The suspicions were prompted by pictures found on the cellphone of one of the suspects during a routine police check, it added.

German news magazine Spiegel said the suspects may have had a synagogue in Berlin in their sights after video material of the building was found.

The suspects also allegedly scouted out several shopping centers as possible targets, said the magazine.

Some 180 officers took part in the raids, confiscating cash, hard drives and knives.

Police would not confirm Der Spiegel’s report on possible targets.

But they added that “based on the current information, there was not yet any concrete danger of an attack.”

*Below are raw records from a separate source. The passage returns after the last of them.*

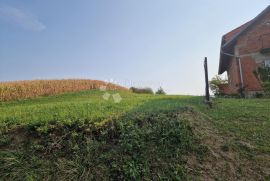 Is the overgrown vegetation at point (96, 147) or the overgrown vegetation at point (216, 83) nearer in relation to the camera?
the overgrown vegetation at point (96, 147)

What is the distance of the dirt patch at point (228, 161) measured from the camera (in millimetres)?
3936

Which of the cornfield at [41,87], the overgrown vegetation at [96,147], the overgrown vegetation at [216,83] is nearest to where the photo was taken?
the overgrown vegetation at [96,147]

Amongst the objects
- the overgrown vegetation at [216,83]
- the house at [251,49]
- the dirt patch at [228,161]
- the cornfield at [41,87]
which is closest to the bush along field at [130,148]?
the dirt patch at [228,161]

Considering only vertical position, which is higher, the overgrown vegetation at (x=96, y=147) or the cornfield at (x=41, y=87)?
Result: the cornfield at (x=41, y=87)

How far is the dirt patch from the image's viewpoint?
3936mm

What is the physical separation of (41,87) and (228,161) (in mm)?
13551

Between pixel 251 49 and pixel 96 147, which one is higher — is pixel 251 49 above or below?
above

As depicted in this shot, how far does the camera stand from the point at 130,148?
4.20 meters

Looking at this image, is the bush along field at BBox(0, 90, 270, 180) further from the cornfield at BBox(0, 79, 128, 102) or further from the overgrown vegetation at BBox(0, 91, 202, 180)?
the cornfield at BBox(0, 79, 128, 102)

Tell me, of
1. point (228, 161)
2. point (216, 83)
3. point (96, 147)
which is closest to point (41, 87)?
point (96, 147)

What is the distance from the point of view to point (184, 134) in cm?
462

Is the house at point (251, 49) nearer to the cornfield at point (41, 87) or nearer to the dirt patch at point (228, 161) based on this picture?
the cornfield at point (41, 87)

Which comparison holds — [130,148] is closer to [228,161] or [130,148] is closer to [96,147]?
[96,147]

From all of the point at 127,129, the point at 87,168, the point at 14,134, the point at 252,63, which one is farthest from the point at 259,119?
the point at 252,63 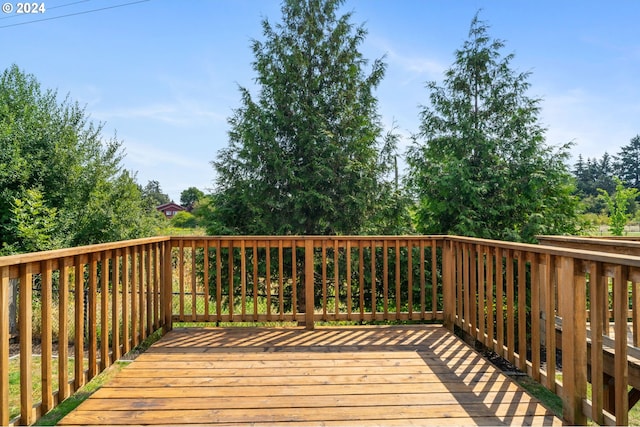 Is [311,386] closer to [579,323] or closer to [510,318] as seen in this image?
[510,318]

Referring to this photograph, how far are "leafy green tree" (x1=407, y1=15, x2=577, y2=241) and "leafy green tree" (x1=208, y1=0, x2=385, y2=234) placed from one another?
3.39ft

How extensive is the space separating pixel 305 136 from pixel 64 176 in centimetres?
646

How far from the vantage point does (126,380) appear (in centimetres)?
237

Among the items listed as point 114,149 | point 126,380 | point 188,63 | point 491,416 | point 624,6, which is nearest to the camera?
point 491,416

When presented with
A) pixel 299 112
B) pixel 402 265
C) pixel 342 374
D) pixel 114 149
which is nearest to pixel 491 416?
pixel 342 374

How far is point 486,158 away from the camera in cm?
623

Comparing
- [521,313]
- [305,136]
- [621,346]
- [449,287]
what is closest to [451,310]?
[449,287]

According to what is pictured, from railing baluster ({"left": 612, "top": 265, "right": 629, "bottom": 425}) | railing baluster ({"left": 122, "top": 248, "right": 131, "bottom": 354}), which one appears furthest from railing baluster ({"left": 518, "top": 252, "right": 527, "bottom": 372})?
railing baluster ({"left": 122, "top": 248, "right": 131, "bottom": 354})

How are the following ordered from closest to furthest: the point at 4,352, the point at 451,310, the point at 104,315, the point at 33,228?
the point at 4,352 < the point at 104,315 < the point at 451,310 < the point at 33,228

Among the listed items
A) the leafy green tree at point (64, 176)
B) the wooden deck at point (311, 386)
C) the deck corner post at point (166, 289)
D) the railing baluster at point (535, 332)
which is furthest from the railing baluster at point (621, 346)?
the leafy green tree at point (64, 176)

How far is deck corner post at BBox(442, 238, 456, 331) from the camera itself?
11.8ft

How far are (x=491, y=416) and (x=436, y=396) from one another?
31 centimetres

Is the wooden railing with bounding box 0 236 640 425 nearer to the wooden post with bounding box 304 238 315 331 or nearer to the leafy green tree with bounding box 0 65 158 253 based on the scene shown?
the wooden post with bounding box 304 238 315 331

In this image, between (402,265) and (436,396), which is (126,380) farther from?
(402,265)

The aftermath of a terrorist attack is seen on December 20, 2016 after a lorry smashed into a busy Christmas market in central Berlin. (AFP Photo/Odd Andersen)

Germany’s deadliest attack was a truck rampage at a Berlin Christmas market in December 2016.

The attacker, Tunisian asylum seeker Anis Amri, hijacked a truck and murdered its Polish driver before running over another 11 people. He was shot dead by Italian police in Milan four days later while on the run.

Since then, German authorities have thwarted nine attacks believed to have radical Islamist motives.

Most recently, police in the western city of Offenbach arrested three men in November for allegedly planning a bomb attack in the name of Islamic State.

That same month, a Syrian was arrested in Berlin accused of having procured key components for an explosive device and discussing bomb-making tips with other suspected Islamists in an online chat group.

Germany’s security services estimate there are around 11,000 Islamic radicals in Germany. Of them, some 680 are deemed particularly dangerous and capable of using violence — a five-fold increase since 2013.

Around 150 of these potentially dangerous individuals have been detained for various offences.

Two women light candles among others and flowers next to the entrance of the synagogue in Munich, during a protest against anti-Semitism on October 11, 2019, two days after a deadly shooting outside a synagogue in Halle. (Christof STACHE / AFP)

An anti-Semitic bloodbath was narrowly averted in October when an armed assailant tried to blast his way into a synagogue in Halle, Germany, where scores of worshipers were attending services on Yom Kippur, the holiest day in Judaism.

Unable to break through a locked door, the gunman went on a rampage in nearby streets, killing two people and wounding two others.

Authorities said the 27-year-old German man who has confessed to the attack had posted an anti-Semitic screed before the assault and broadcast the shooting live on a popular video game site.